La fin de l'histoire de Ruedo ibérico est indissociablement liée à son époque. Franco mort en novembre 1975, l'anti-franquisme de connivence joua à plein son rôle de marchepied pour l'accession au pouvoir. La foire aux vanités refusait du monde. La transition démocratique battait son plein, recyclant les " élites " de la gauche institutionnelle, à charge pour elles de gérer en douceur le post-franquisme et de légitimer la naissante démocratie parlementaire. Une belle réussite, sans doute, sans victoire ni défaite, sans lutte même, par convergence d'intérêts. La dernière bataille que livra José Martínez ne fut pas la plus facile. La restructuration négociée de l'espace politique et culturel laissait, désormais, peu de place à la ligne de critique radicale du système qu'il avait imprimée à sa maison d'édition, transférée à Barcelone en 1977.

Pour l'hétérodoxe et libertaire José Martínez, le seul espoir de briser le cercle du conformisme consensuel résidait probablement dans la liaison avec une CNT en voie de reconstruction. Il fut vite déçu. L'observateur attentif et critique qu'il était ne tarda pas à comprendre qu'" à partir d'un certain degré de dysfonctionnement organique, tout ce qui est vivant meurt " (Felipe Orero). Minée par les luttes de tendance et incapable de s'en sortir, la CNT allait dans le mur. José Martínez, qui n'en était pas membre et se défiait de surcroît du lien organique pour ce qu'il supposait d'aliénation du sens critique, laissa son double, Felipe Orero, solder les comptes.
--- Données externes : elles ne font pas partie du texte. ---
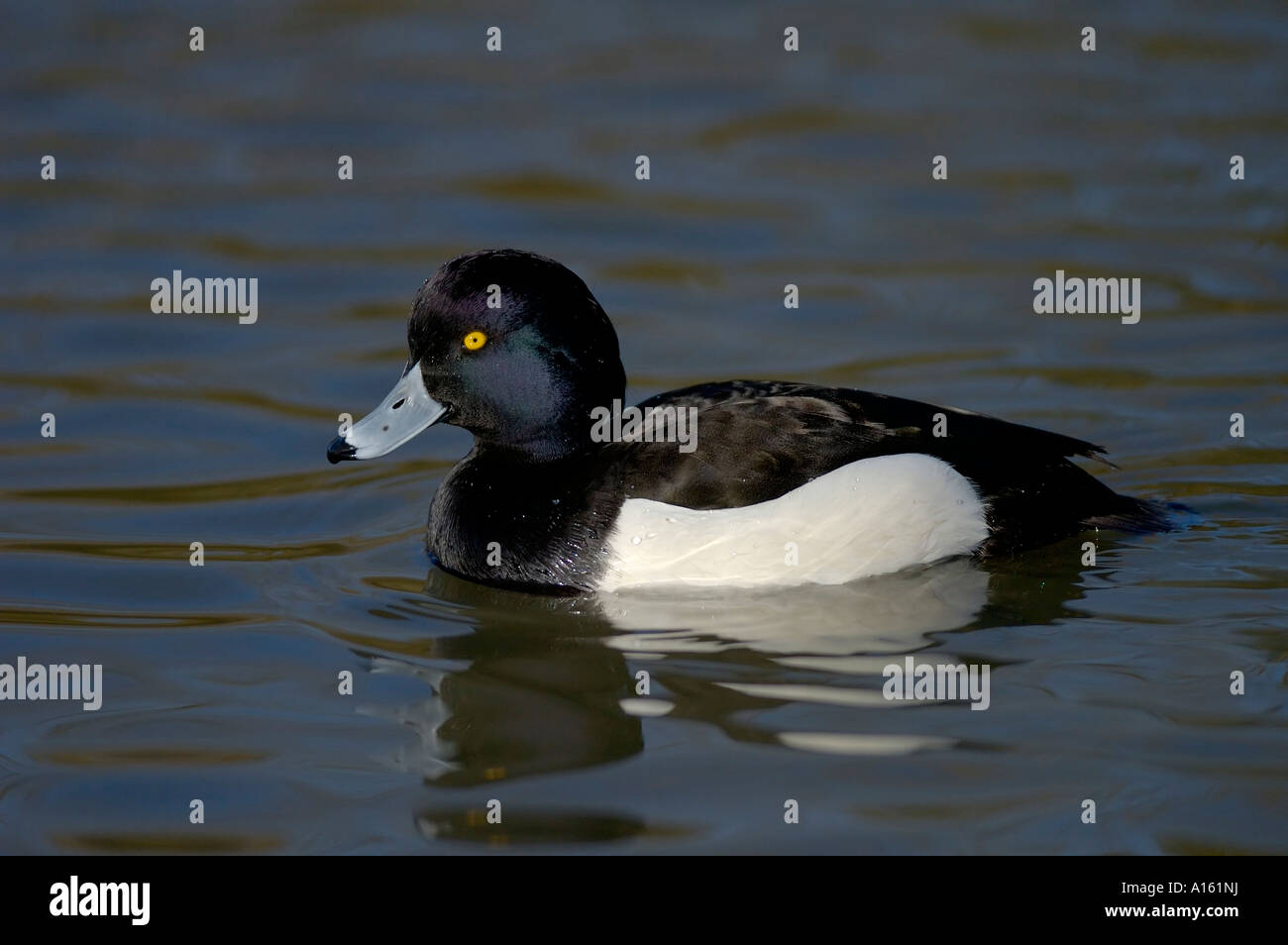 Fuligule morillon Aythya fuligula homme Banque D'Images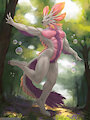 Mating Display by Danza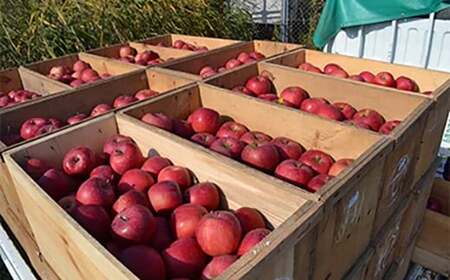 濃厚りんご果汁ジュース 「にごりは正直」 (1000ml×3本) 【NPO法人 青森なんぶの達者村】 F21U-017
Un numéro spécial de Cuadernos de Ruedo ibérico, entièrement consacré à la CNT, se livra, sur 256 pages, dont plus des deux tiers reproduisait un remarquable essai critique de Felipe Orero, à l'analyse la plus fouillée qui soit de cet espoir déçu et de la logique suicidaire qui amènera la CNT sur la voie du déclin.

Les vents contraires soufflaient trop forts. En 1982, à l'instant précis où la transition démocratique tant vantée donna le pouvoir à une social-démocratie moderniste tout occupée à faire de l'Espagne l'extrême pointe méridionale du Grand Marché, Ruedo ibérico dut mettre la clef sous la porte. José Martínez, qui avait joué depuis vingt ans un rôle de premier plan dans la diffusion des idées, se retrouva alors isolé dans une Espagne où, pour reprendre la juste expression de Juan Goytisolo, galopait l'" analphabétisme volontaire ".

Le 11 mars 1986, victime d'une asphyxie consécutive à une fuite de gaz, José Martínez décéda dans son domicile de Madrid. Ce jour-là, l'Espagne s'apprêtait, par référendum, à entrer dans l'Otan. Le jour de ses funérailles, une couronne de fleurs du ministère de la culture portait, en lettres d'or, le nom de son donateur, Javier Solana, le même homme qui préside, aujourd'hui, aux destinées de la sécurité européenne au titre de Haut Commissaire, après avoir été secrétaire de l'Otan. Comme quoi l'anti-franquisme pouvait aussi mener loin... Ce jour-là, dit-on, quelques subversifs n'hésitèrent pas à piétiner les roses rouges du pouvoir, en signe de dernier hommage au libertaire José Martínez.